Source records:
⁂
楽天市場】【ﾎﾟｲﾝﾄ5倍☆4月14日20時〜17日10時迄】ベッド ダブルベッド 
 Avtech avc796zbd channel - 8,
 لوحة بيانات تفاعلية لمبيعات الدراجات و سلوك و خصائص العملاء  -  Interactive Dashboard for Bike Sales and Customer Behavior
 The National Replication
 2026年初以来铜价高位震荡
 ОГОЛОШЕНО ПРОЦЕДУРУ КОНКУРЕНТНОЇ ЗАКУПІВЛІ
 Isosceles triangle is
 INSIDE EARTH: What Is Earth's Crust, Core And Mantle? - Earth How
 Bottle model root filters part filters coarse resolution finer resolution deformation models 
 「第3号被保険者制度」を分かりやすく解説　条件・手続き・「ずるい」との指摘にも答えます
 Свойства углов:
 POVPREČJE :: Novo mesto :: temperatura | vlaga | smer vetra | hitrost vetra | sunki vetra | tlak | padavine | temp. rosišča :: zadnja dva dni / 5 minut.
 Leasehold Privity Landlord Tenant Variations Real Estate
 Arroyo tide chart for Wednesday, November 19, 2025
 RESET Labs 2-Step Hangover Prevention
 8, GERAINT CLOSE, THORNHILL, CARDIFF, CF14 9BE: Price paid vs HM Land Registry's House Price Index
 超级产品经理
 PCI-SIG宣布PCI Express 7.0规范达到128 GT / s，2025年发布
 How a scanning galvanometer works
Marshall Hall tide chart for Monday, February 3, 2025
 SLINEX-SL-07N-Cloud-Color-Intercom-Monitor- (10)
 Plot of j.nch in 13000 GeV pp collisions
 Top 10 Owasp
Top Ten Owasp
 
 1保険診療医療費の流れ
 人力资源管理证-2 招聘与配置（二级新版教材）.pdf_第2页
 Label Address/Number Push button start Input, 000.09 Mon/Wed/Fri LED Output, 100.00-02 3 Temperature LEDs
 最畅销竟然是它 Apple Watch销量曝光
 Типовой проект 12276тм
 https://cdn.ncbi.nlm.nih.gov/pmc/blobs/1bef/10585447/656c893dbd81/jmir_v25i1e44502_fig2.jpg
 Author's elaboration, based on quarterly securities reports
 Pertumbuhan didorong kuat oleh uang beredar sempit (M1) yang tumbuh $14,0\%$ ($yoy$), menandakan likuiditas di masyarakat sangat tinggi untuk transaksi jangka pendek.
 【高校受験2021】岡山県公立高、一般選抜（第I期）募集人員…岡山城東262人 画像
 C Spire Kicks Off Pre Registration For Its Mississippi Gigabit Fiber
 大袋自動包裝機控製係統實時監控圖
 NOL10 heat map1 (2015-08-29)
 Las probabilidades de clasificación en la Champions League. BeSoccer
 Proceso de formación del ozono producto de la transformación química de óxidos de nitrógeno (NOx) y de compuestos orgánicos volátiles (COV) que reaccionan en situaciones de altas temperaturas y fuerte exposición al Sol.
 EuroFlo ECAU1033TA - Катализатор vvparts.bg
⁂
**Work to complete**
In the lines above, find the word "chart" and copy each line that contains it.

**Final answer**
 Arroyo tide chart for Wednesday, November 19, 2025
Marshall Hall tide chart for Monday, February 3, 2025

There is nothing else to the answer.